> **About this exercise**
Please return only the lines from the one holding "Interchangeable frames available" through the one holding "W - www.skymax.com.au", exactly as they appear in the records below, both ends included.

> **Provided material**
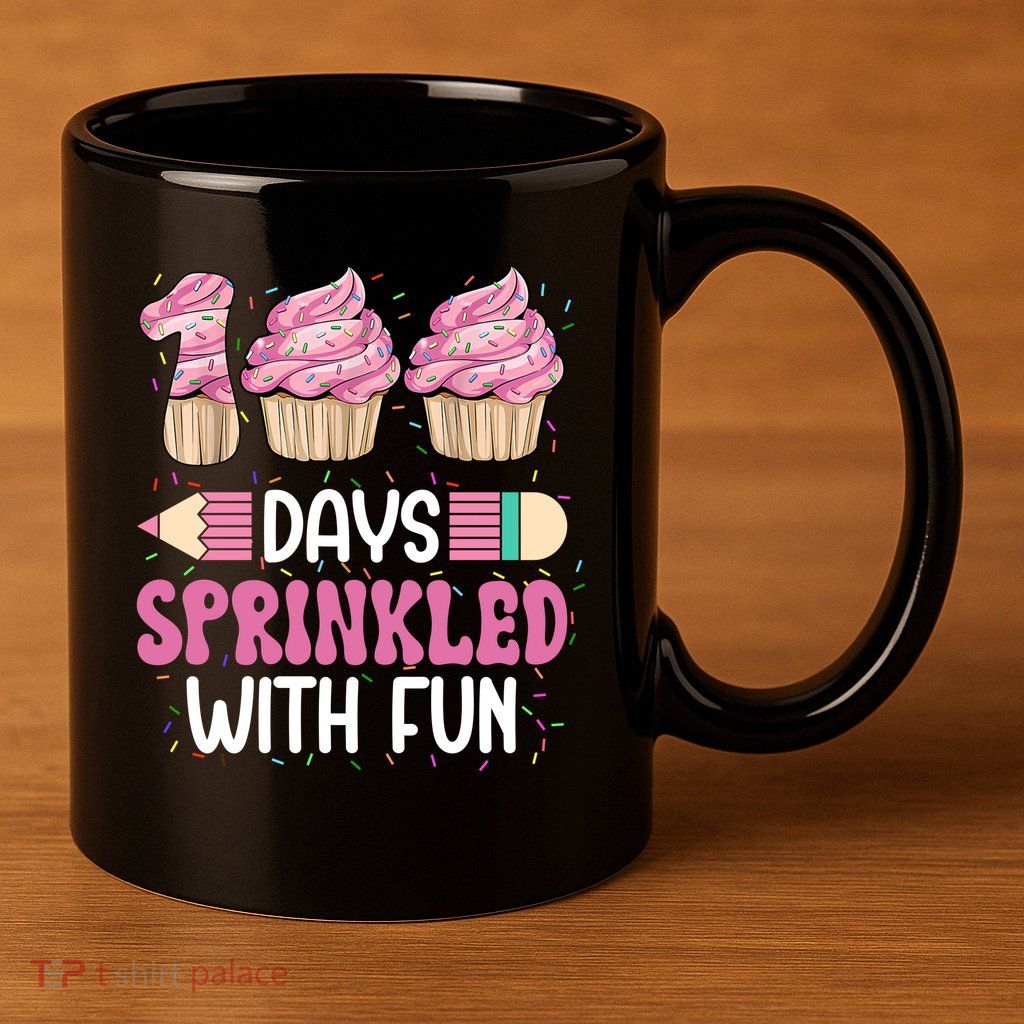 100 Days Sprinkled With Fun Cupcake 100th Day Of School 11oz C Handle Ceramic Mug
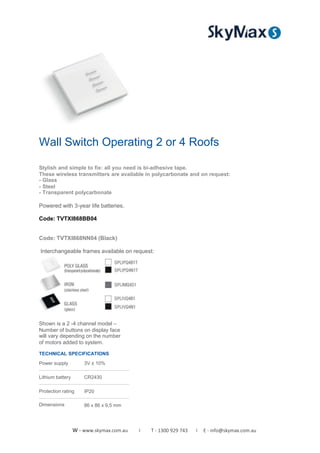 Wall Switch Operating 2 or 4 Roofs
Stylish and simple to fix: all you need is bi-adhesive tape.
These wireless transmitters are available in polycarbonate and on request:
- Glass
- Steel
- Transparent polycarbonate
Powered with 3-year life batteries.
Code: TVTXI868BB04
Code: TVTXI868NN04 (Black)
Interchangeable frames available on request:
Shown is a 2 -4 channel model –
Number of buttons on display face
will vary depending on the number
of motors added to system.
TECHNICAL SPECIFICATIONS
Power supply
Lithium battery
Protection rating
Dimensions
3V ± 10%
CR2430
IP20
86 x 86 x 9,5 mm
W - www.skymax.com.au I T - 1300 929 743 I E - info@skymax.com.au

--

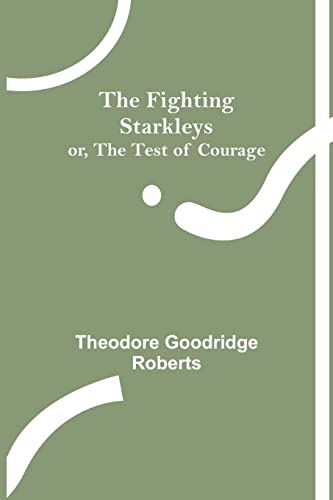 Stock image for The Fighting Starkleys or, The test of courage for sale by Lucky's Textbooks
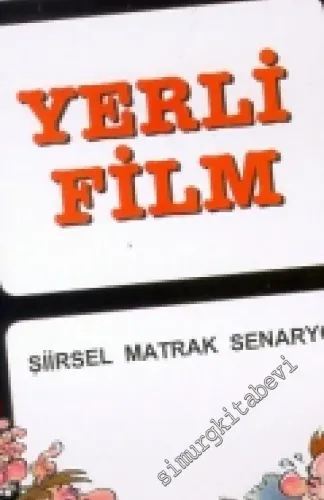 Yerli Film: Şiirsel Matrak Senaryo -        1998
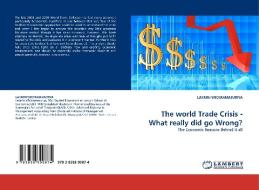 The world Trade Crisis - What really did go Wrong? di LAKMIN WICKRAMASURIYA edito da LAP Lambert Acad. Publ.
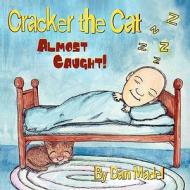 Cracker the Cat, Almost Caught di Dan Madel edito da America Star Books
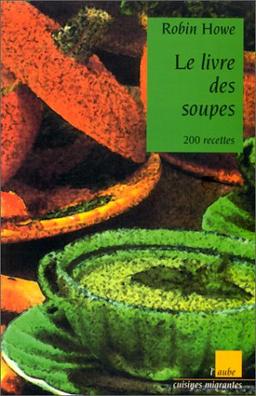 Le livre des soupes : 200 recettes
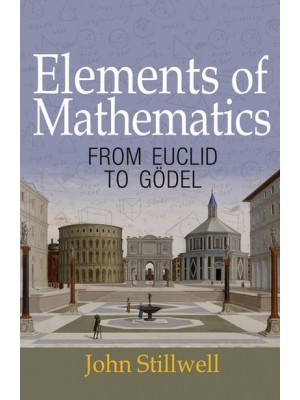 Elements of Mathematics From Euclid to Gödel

...

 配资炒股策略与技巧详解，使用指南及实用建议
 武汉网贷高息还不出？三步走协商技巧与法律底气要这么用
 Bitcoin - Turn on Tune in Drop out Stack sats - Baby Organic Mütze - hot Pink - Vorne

> **Exercise response**
Interchangeable frames available on request:
Shown is a 2 -4 channel model –
Number of buttons on display face
will vary depending on the number
of motors added to system.
TECHNICAL SPECIFICATIONS
Power supply
Lithium battery
Protection rating
Dimensions
3V ± 10%
CR2430
IP20
86 x 86 x 9,5 mm
W - www.skymax.com.au I T - 1300 929 743 I E - info@skymax.com.au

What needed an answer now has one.